The assembled grenade.
So here we go, camera ready and recording, pull the pin out, give it a shake and throw it onto the patio outside. And hiss… splutter… gurgle… not quite the boom I expected. Turns out the detanoter wasn’t screwed tight enough and the CO2 was just escaping through the top. Their is an o-ring to seal it too, but obviously this wasn’t working.
Take 2: The detonators are re-usable so I cleaned it out and put some more bicarbonate in. Got a fresh grenade body and added some water. Here we go again, being sure to tighten the cap as tight as possible this time. Pull out the safety pin, press the detonator, shake, throw and………………..nothing. No boom, no hissing air escaping either. I waited a minute to see if the pressure would build and then maybe it might blow, it didn’t. I hesitantly approached the grenade and unscrewed the top, only to let out a gust of CO2. Whoops…
Take 2.5: At this stage I was getting worried I would run out of citric acid and decided to try using vinegar instead, this didn’t go so well either and I just ended up with more hissing and gurgling, only this time it smelled like vinegar too.
Take 3: Ok, this time it’ll work, this time it better work. Same procedure as above, shake it, throw it and…… nothing again! WTF?!?!? God Dammit, I walked away for a minute and wondered would it blow as I turned my back, no such luck. I walked over and picked it up, it was pretty solid with the pressure built up inside, but no boom, so I stepped back and threw it on the ground….. BOOM!!!!!! Finally!! Woohoo!
There’s actually quite a nice bang of these, especially for something that is just a very basic chemical reaction. The entire body of the grenade was blown to pieces and spread out over about a 10ft diameter, definitely not re-usable, add a few bb’s into the body and you could definately use these for room clearing.
But I still wasn’t happy, the video on the AHG website shows a AHG-01 being placed on the ground and it detonates seconds later, no throwing it hard against the ground, just wait and boom. I wanted to replicate this. I decided to try again.
Take 4: Guess what? It didn’t work again, the seal wasn’t tight enough, so I thought maybe the detonator had been damaged and decided to try yet again.
Take 5: Built a fresh detonator this time around, but yet again, I got plenty of white foam and hissing and gurgling, but no boom.
I decided I had wasted enough for today and put the grenades away. I now have 1 grenade body left with citric acid still in it, 4 body’s with no citric acid, 4 unassembled detonators, 1 broken detonator and 1 working detonator.
The one time they worked, I was actually quite surprised by the noise of the grenade going off and would have definately gotten a few kills had I put bb’s in and used them in a skirmish.
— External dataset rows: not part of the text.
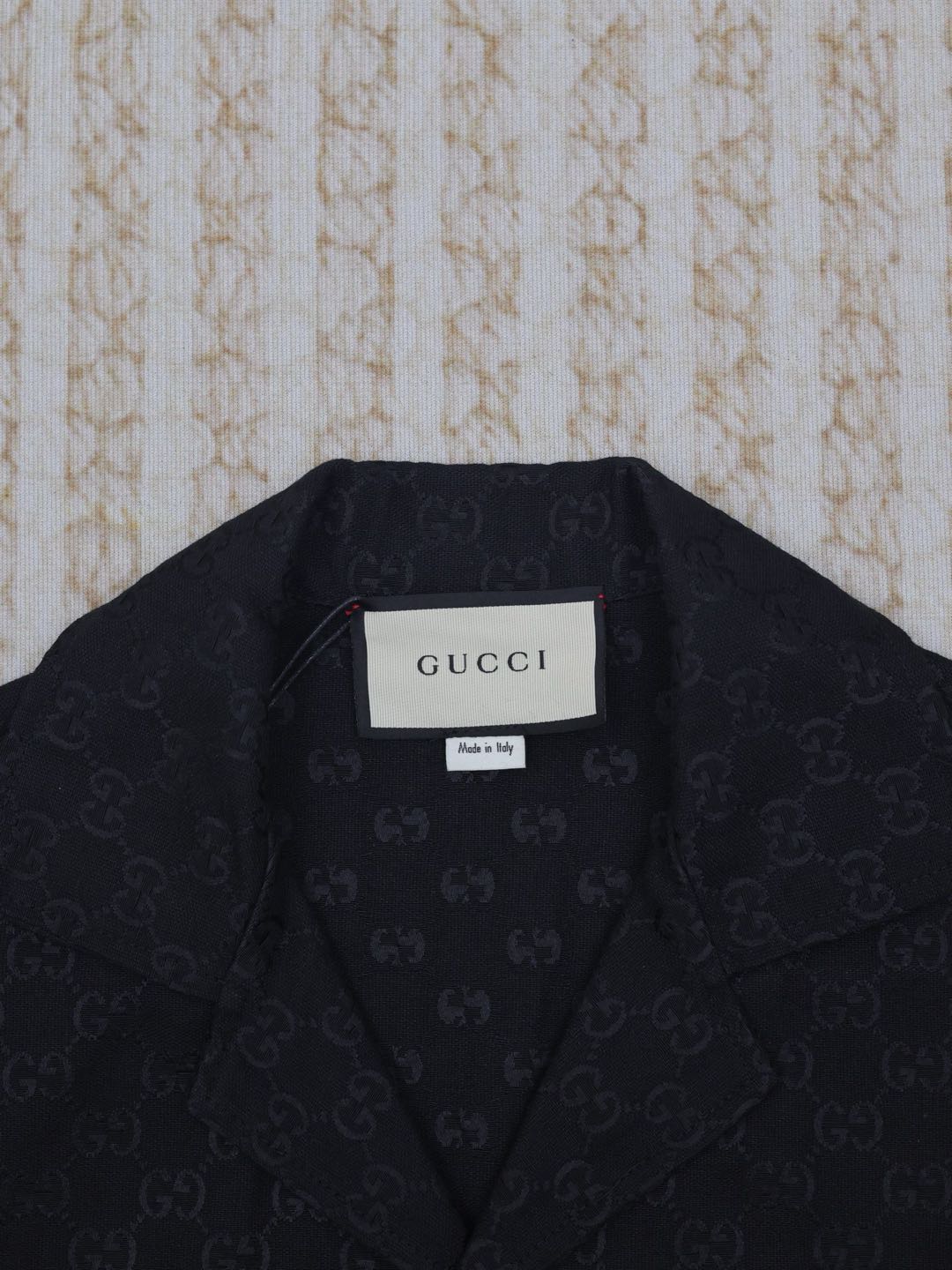 GUCCI linen blend canvas shirt（123647）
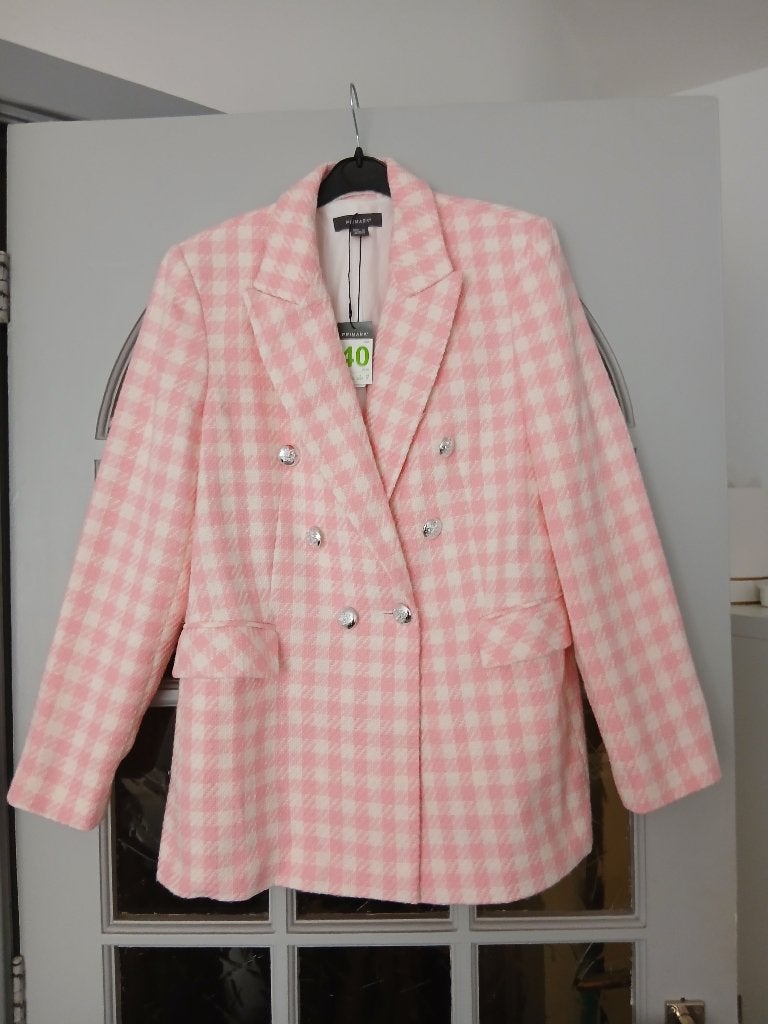 Blazer Rose/Wit Maat 40 Nieuw, Ophalen of Verzenden, Nieuw, Maat 38/40 (M), Wit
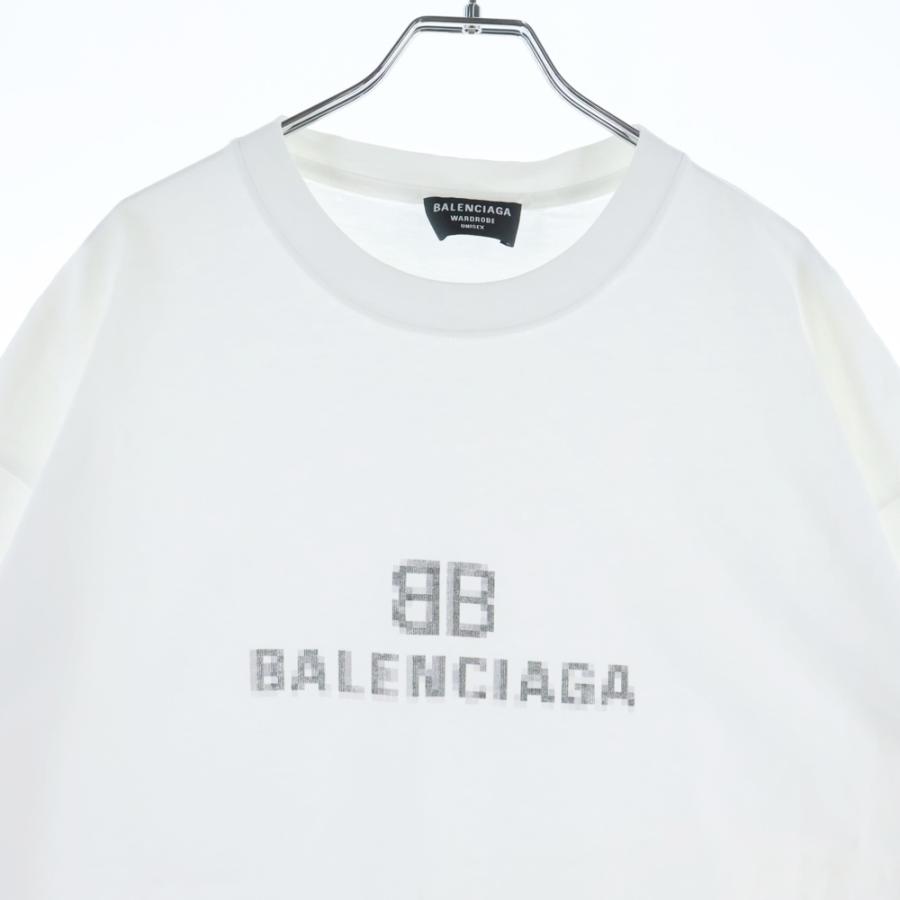 BALENCIAGA（バレンシアガ） T-Shirt ピクセルロゴプリント半袖Tシャツ 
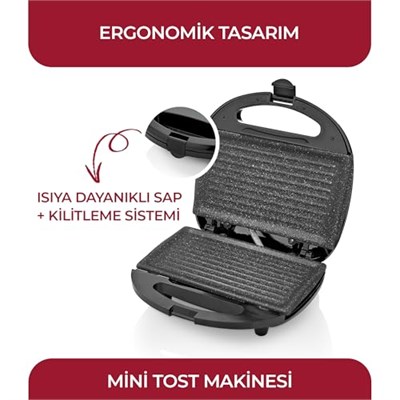 Sinbo SSM-2513 Tost Makinesi 750W Döküm Plakalı – Yapışmaz Yüzey, Termostatlı, Kolay Temizlenebilir, Modern Tasarım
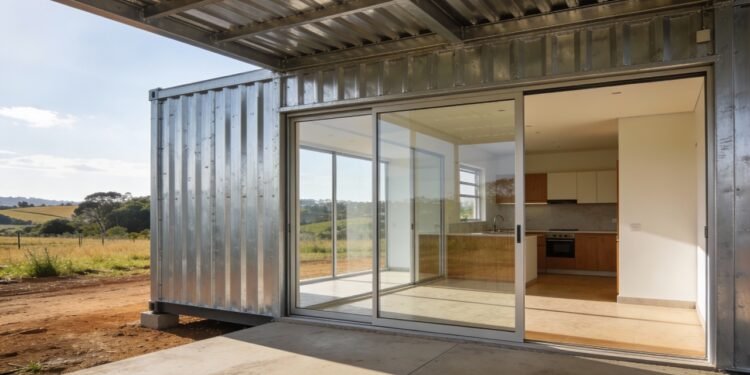 Casa de montar chega ao Brasil, fica pronta e pouco tempo e não faz bagunça nenhuma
The second time I tried it, when I released all the gas by mistake, it would have actually blown up had I thrown it on the ground, but like I said earlier, this does not replicate how they are shown in use, having to throw them against a hard surface may not work in the middle of a skirmish.
Unfortunately, I dont think the AHG-01 is going to revolutionize the airsoft grenade industry the way it’s creators envisioned. It’s a great idea in theory, and when it works it’s impressive, but the hit and miss nature of the product coupled with their rather bad customer service has left me rather dismayed. I really would have liked to see this product work since gas grenades are so expensive and explosives cannot be used in Ireland, but I think I’ll be putting my money into a gas grenade now instead.